*** AVAILABLE RECORDS ***

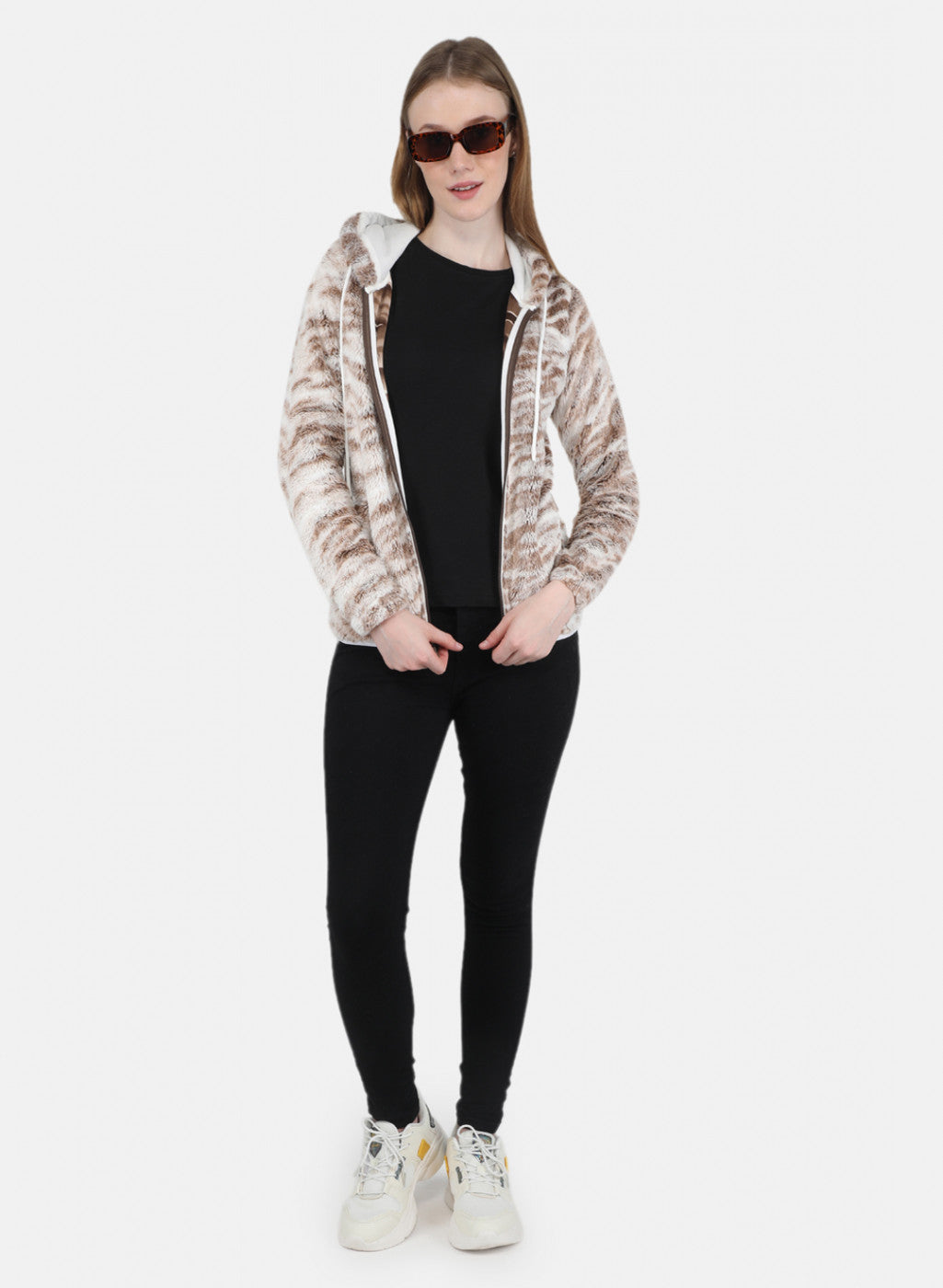 Women Beige Solid Sweatshirt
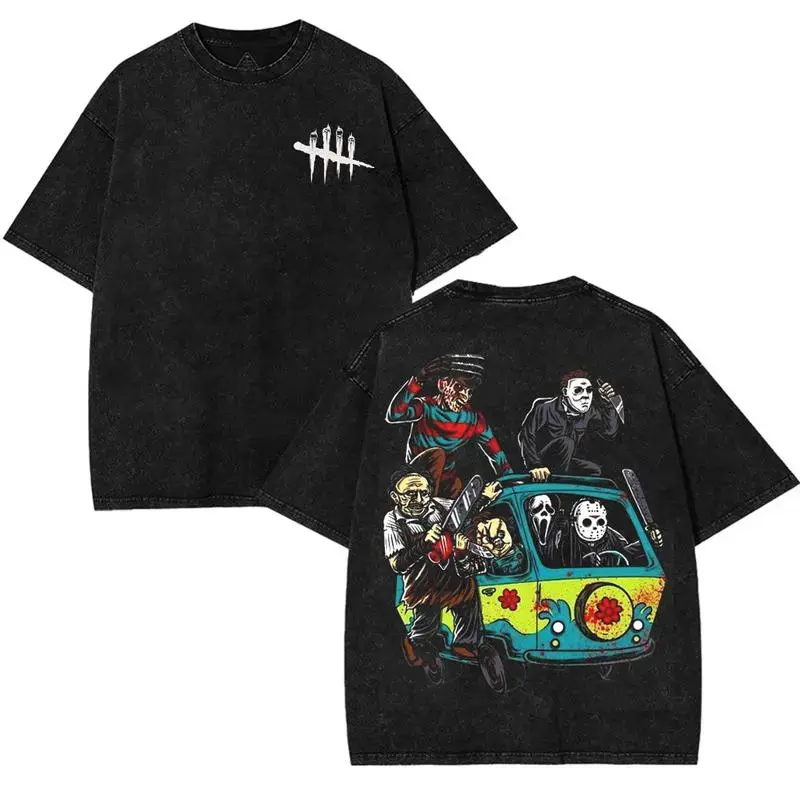 Men's Cotton Washed Oversized Ribbed Shortleeve Tshirt - Halloween Scary Cartoon Character Print Dead By Daylight Apparel, Casual Classic Gaming Streetwear Top, Seamless, Shortsleeve, Stylish, Fabric, Round Neck, Soft, T-Shirt, Casual Fit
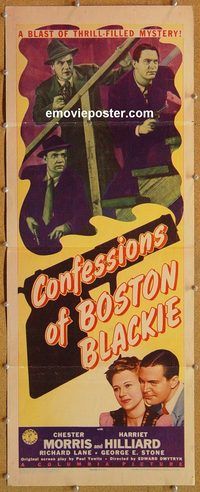 a094 CONFESSIONS OF BOSTON BLACKIE insert movie poster '41 Morris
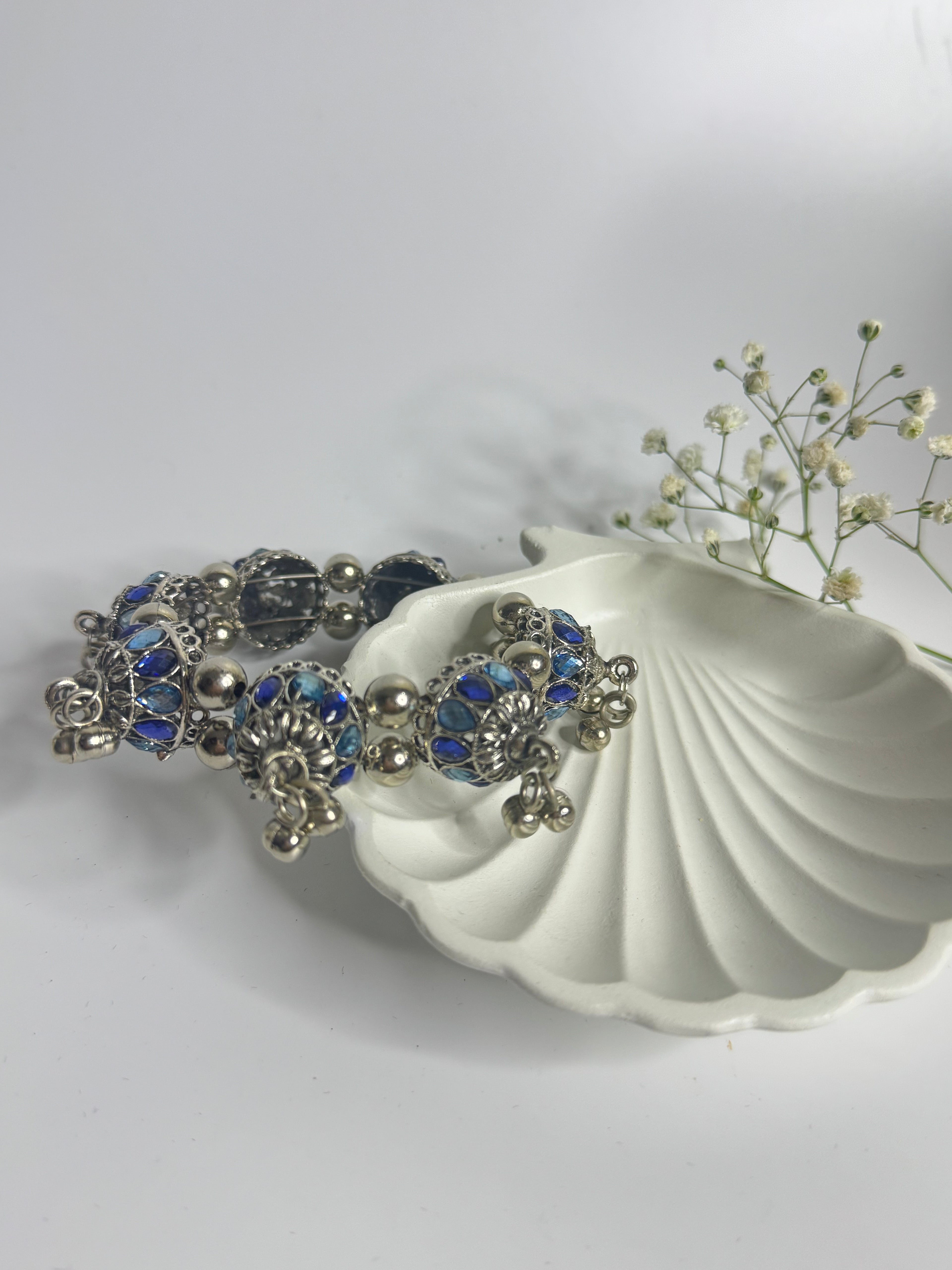 Jhumki Accent Oxidised Bracelet Silver & Blue
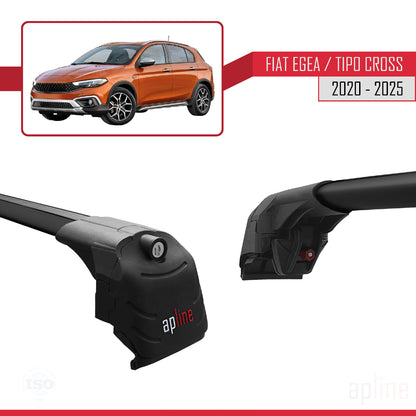 Compatible with Fiat Egea Cross 2020-2025 ACE-2 Car Roof Rack Cross Bar Black Aluminium 2 Bars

***

■ WHAT THIS TASK INVOLVES ■
Would you reproduce the lines from the one with "Jhumki Accent Oxidised" through the final line of the data above, exactly and only those, without any pictures?

■ OUTPUT FOR THIS EXERCISE ■
 Jhumki Accent Oxidised Bracelet Silver & Blue
 Compatible with Fiat Egea Cross 2020-2025 ACE-2 Car Roof Rack Cross Bar Black Aluminium 2 Bars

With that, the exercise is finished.